## EXCERPTED RECORDS

--

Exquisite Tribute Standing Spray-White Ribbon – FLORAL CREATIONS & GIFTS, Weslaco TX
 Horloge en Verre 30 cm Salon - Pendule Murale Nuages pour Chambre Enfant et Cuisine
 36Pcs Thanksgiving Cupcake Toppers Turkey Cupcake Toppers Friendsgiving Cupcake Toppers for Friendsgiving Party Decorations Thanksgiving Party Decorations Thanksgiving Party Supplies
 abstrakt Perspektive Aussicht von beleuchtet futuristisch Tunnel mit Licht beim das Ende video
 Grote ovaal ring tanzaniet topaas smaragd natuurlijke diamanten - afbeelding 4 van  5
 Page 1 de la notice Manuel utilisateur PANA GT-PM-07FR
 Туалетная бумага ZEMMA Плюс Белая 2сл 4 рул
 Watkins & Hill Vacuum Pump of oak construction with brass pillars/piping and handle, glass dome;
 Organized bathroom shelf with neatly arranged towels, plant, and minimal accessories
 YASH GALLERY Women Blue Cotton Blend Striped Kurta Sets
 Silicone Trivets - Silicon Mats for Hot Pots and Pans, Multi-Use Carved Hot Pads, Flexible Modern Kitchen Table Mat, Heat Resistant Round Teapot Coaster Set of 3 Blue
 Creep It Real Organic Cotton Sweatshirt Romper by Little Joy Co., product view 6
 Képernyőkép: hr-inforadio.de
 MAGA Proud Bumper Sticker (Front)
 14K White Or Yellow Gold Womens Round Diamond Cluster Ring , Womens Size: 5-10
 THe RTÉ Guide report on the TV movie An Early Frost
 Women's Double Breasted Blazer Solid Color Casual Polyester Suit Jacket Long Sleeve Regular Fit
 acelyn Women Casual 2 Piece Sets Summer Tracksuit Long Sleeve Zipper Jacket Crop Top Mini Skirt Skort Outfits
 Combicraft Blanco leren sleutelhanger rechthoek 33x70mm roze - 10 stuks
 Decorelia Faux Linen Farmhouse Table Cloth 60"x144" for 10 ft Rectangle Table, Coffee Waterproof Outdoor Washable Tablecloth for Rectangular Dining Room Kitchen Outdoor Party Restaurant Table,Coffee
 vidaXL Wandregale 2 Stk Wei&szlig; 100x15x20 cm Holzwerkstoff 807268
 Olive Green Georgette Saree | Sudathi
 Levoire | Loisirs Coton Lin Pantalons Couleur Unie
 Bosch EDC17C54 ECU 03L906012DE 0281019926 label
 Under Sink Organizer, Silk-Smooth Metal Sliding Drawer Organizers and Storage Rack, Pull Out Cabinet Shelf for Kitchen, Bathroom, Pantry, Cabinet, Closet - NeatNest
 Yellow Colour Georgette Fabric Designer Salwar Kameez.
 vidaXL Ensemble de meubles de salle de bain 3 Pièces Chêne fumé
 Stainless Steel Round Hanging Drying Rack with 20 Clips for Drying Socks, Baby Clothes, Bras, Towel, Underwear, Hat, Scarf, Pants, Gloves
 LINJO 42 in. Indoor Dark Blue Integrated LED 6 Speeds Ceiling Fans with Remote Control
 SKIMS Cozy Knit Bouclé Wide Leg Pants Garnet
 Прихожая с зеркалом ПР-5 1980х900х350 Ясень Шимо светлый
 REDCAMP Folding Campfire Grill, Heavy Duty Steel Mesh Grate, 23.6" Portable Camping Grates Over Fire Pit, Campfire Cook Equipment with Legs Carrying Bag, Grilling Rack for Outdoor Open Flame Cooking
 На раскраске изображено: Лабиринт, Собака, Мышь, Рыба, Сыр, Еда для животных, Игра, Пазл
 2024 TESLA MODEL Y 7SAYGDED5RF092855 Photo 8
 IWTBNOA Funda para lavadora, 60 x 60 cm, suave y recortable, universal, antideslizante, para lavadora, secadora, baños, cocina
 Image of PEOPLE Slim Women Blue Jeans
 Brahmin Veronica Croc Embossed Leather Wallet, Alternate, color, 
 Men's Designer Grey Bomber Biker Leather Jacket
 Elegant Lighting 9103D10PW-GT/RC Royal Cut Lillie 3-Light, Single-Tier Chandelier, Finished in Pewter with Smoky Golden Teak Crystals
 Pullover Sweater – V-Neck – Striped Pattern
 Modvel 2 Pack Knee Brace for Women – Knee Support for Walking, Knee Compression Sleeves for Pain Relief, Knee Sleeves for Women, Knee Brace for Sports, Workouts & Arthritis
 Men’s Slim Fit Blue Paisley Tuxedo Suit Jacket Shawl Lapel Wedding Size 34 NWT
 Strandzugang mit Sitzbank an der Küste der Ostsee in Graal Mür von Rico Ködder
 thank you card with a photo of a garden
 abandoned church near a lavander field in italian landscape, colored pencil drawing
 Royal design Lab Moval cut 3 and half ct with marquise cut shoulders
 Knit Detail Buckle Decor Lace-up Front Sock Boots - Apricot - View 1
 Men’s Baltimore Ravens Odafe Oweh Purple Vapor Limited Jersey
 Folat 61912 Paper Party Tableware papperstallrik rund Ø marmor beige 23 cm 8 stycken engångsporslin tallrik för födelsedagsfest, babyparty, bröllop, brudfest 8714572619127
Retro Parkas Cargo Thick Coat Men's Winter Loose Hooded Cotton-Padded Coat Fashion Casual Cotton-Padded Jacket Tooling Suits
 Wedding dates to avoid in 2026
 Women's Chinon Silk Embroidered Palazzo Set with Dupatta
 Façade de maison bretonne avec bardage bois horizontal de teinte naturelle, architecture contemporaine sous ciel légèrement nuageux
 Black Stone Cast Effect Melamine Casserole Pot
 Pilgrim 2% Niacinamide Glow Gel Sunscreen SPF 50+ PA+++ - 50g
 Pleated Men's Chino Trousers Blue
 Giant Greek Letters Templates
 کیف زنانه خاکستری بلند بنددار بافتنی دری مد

--

Look in the material above for the line with "36Pcs Thanksgiving Cupcake" and the line with "YASH GALLERY Women", and transcribe exactly those lines and all lines between them, nothing more.

## RESPONSE BOX
 36Pcs Thanksgiving Cupcake Toppers Turkey Cupcake Toppers Friendsgiving Cupcake Toppers for Friendsgiving Party Decorations Thanksgiving Party Decorations Thanksgiving Party Supplies
 abstrakt Perspektive Aussicht von beleuchtet futuristisch Tunnel mit Licht beim das Ende video
 Grote ovaal ring tanzaniet topaas smaragd natuurlijke diamanten - afbeelding 4 van  5
 Page 1 de la notice Manuel utilisateur PANA GT-PM-07FR
 Туалетная бумага ZEMMA Плюс Белая 2сл 4 рул
 Watkins & Hill Vacuum Pump of oak construction with brass pillars/piping and handle, glass dome;
 Organized bathroom shelf with neatly arranged towels, plant, and minimal accessories
 YASH GALLERY Women Blue Cotton Blend Striped Kurta Sets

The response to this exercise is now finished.